Il fiorire di assaggiatori e degustatori a vario titolo offre lo spunto per mettere a fuoco qualche concetto in tema di assaggi e assaggiatori. Innanzi direi che assaggiare significa provare il sapore di un cibo o di una bevanda mentre degustare vorrebbe dire riconoscere la qualità, giudicare e valutare un cibo o una bevanda. In breve, assaggiare sarebbe maggiormente attinente al giudizio soggettivo del “buono o non buono”, “mi piace o non mi piace”, mentre degustare sarebbe l’inizio del sentiero della scoperta dei sapori, degli aromi e della struttura del formaggio, almeno agli effetti del soggetto in azione.
Immaginiamo ora che attorno al tavolo di assaggio siano seduti sette assaggiatori di diversa estrazione e provenienza; ai sette assaggiatori viene offerto un campione di formaggio proveniente dalla stessa forma di formaggio. Eccoli con le loro “certezze”…
Il primo è il tecnico che ha prodotto il formaggio, da un lato definibile un assaggiatore tecnico, e dall’altro in flagrante conflitto d’interessi. Le sue note ovviamente, non sono critiche.
Il secondo potrebbe essere definito un assaggiatore amatoriale; l’appassionato personaggio solitamente dedica le sue attenzioni alle specialità casearie a fine pasto, dopo la classica mangiata e bevuta tra amici appassionati di buona cucina e di buoni prodotti. Nel caso specifico ha la pretesa di essere il “leader del gruppo”, in due parole, quando il formaggio è valido per Lui deve essere valido per tutti, almeno per tutti quelli seduti intorno a quel tavolo.
Il terzo assaggiatore è un esperto della degustazione enfatizzata.
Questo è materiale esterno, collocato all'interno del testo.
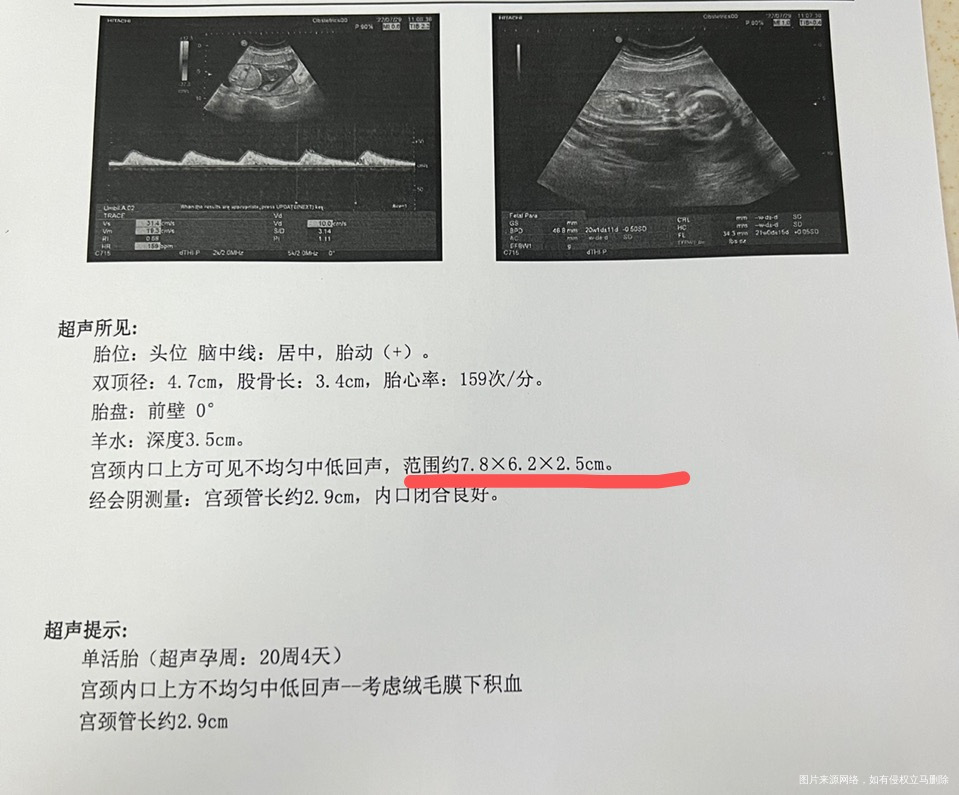 孕中期一直都有绒毛膜下积血断断续续出血三个月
Tanto per intenderci, quelle degustazioni da mercato, da fiera, da televisione; le sue note, piene di aggettivi ridondanti, enfatizzanti, descrivono il prodotto in modo affascinante ricco di aromi che sente solo Lui.
Il quarto assaggiatore potrebbe essere, perché no, un aspirante assaggiatore ONAF, abituato a valutare il formaggio impiegando la metodica di valutazione sensoriale basata su un assaggio ragionato e descrittivo, dove prima si descrive il prodotto e poi si valuta secondo una scala a punti su una serie di otto parametri, ordinatamente riportati nelle sue note.
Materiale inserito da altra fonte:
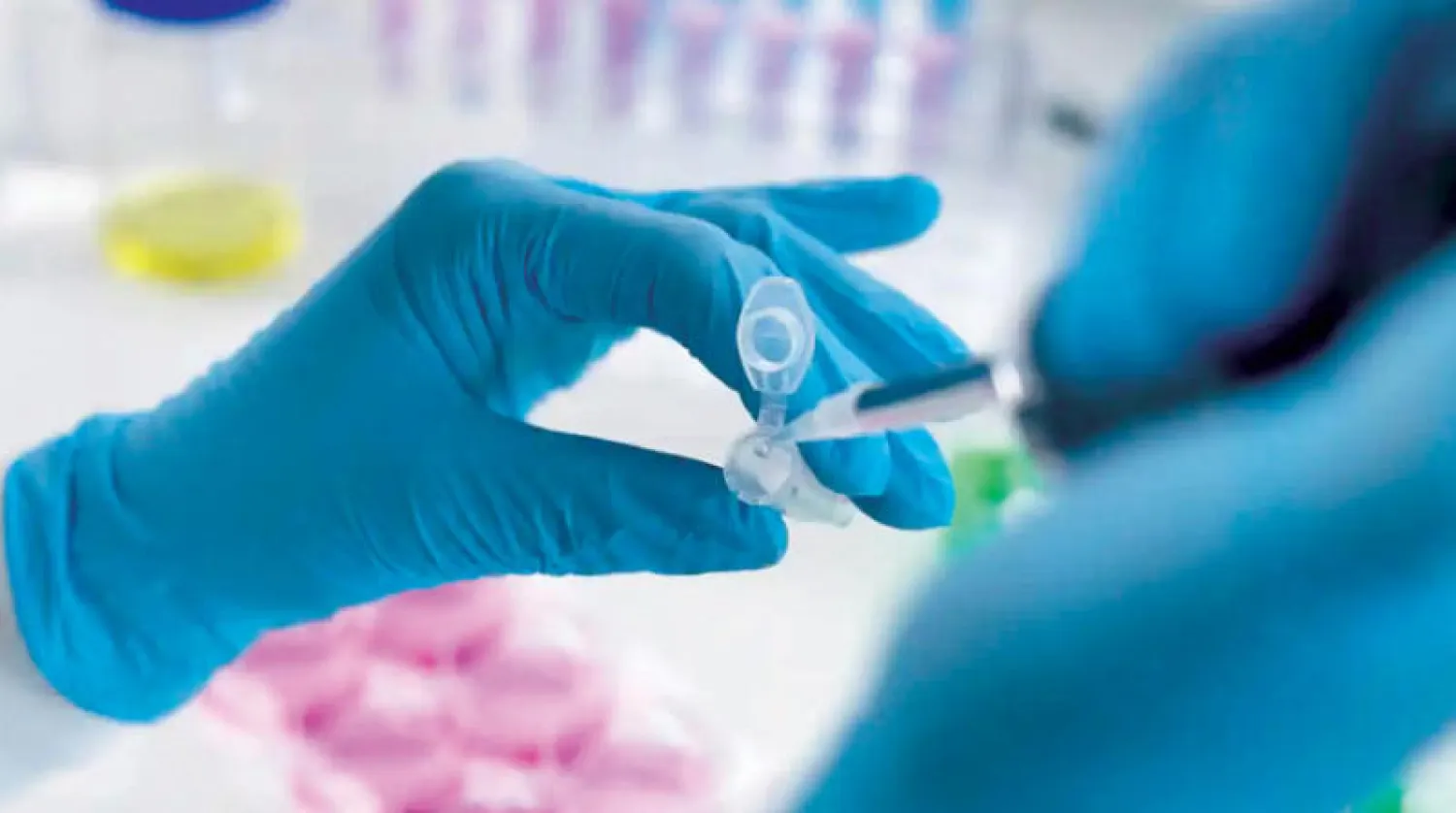 تحليلات جينية معقدة على البول (جامعة إيست أنجليا)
Il quinto sarebbe un assaggiatore agonistico, solitamente impiegato nelle giurie dei concorsi per formaggi durante le feste patronali locali. Quelle festanti giurie composte generalmente da politici, maggiorenti, eno-gastronauti e così via che, s’incontrano direttamente in fiera per eleggere un vincitore con un vero e proprio assaggio agonistico, in modo che alla fine della fiera, la coppa offerta dallo sponsor, possa/debba essere consegnata al vincitore del concorso. Le sue note riportano il suo secco giudizio che ignora la descrizione del prodotto.
Il sesto assaggiatore, quotidianamente impegnato in un laboratorio di analisi sensoriale, è un membro di un panel addestrato, in costante esercizio per valutare i prodotti su basi e riferimenti scientifici, la cui elaborazione statistica aumenta la ripetibilità dei vari test: di differenza, di descrizione, di standard, in grado di limitare le variabili di giudizio alle sole, singole e momentanee capacità percettive. Questo, muovendosi in un ambito diverso dal consueto è insicuro nelle note, se non propriamente confuso.
Il settimo assaggiatore è un personaggio che non s’accontenta facilmente, è uno che cerca di arrivare ad un giudizio sensoriale professionale utilizzando terminologie idonee e non ambigue. Descrive il formaggio in assaggio utilizzando aggettivi misurabili, seguendo un modello di degustazione ripetibile. Nell’occasione viene ribattezzato l’assaggiatore errante (nel senso di nomade, di viaggiatore evoluto), perché si documenta e studia, perché sperimenta e raffronta diversi metodi, perché tende a migliorare, con umiltà e prudenza. Nelle sue brevi note è l’unico che usa il verbo condizionale e che evidenzia la soggettività del giudizio.